## Task statement
Would you set down the data that follows, word for word, without any pictures?

╭─ Input data

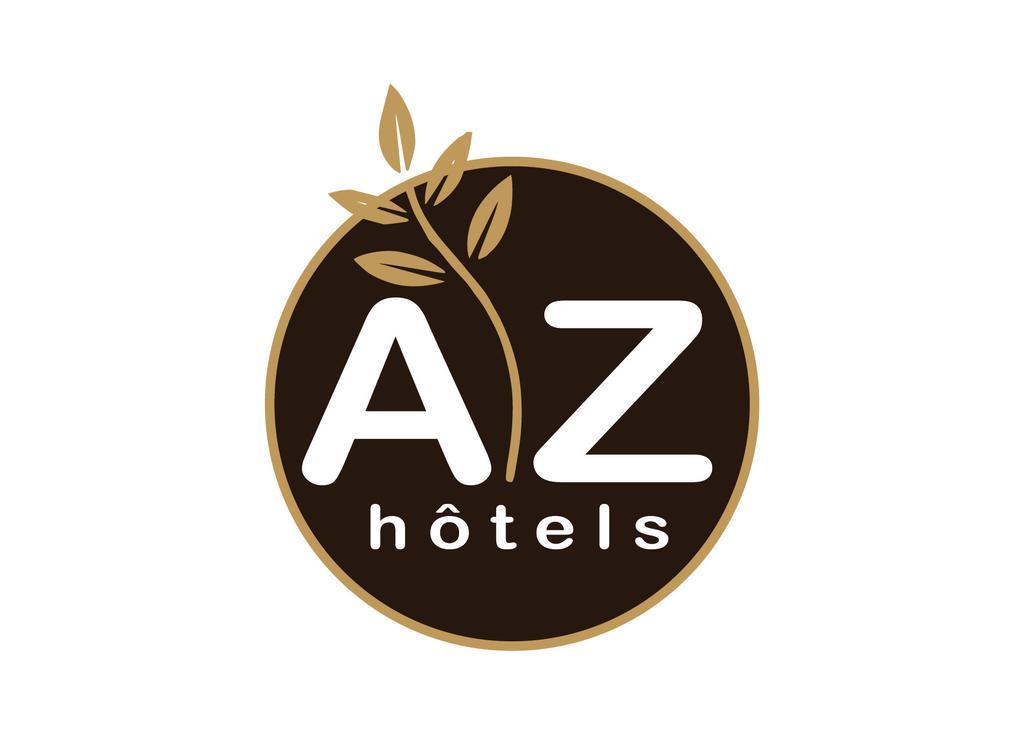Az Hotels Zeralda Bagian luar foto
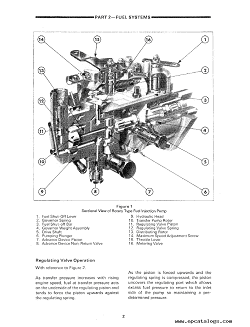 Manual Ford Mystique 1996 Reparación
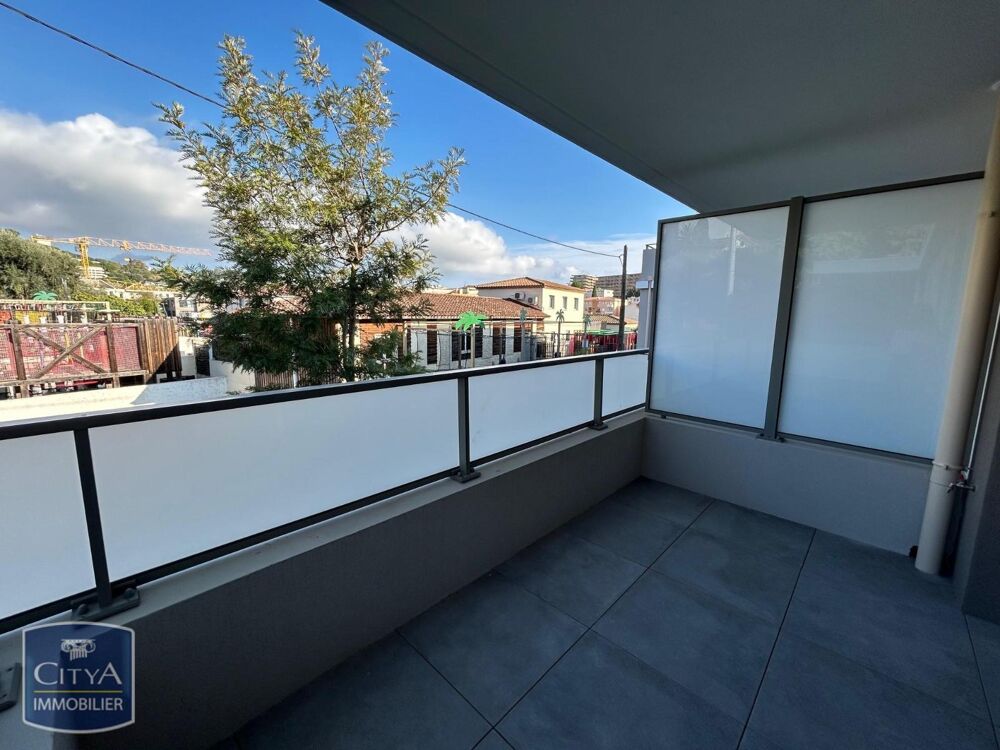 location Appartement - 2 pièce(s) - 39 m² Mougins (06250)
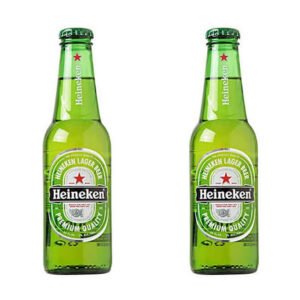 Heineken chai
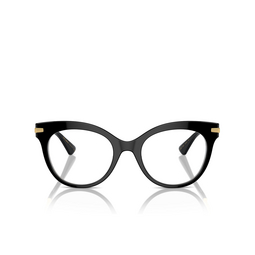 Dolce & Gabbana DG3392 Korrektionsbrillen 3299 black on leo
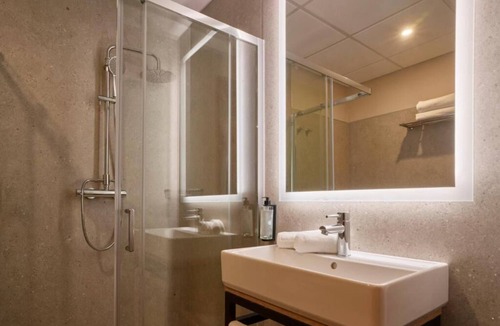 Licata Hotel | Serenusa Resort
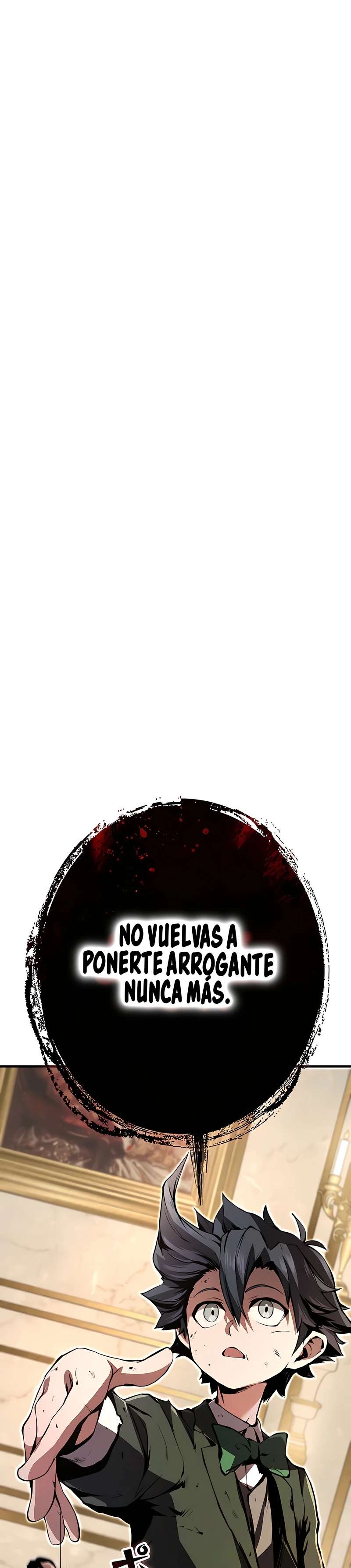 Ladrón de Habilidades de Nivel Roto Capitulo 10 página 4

╰─

## Result for this exercise
Az Hotels Zeralda Bagian luar foto
 Manual Ford Mystique 1996 Reparación
 location Appartement - 2 pièce(s) - 39 m² Mougins (06250)
 Heineken chai
 Dolce & Gabbana DG3392 Korrektionsbrillen 3299 black on leo
 Licata Hotel | Serenusa Resort
 Ladrón de Habilidades de Nivel Roto Capitulo 10 página 4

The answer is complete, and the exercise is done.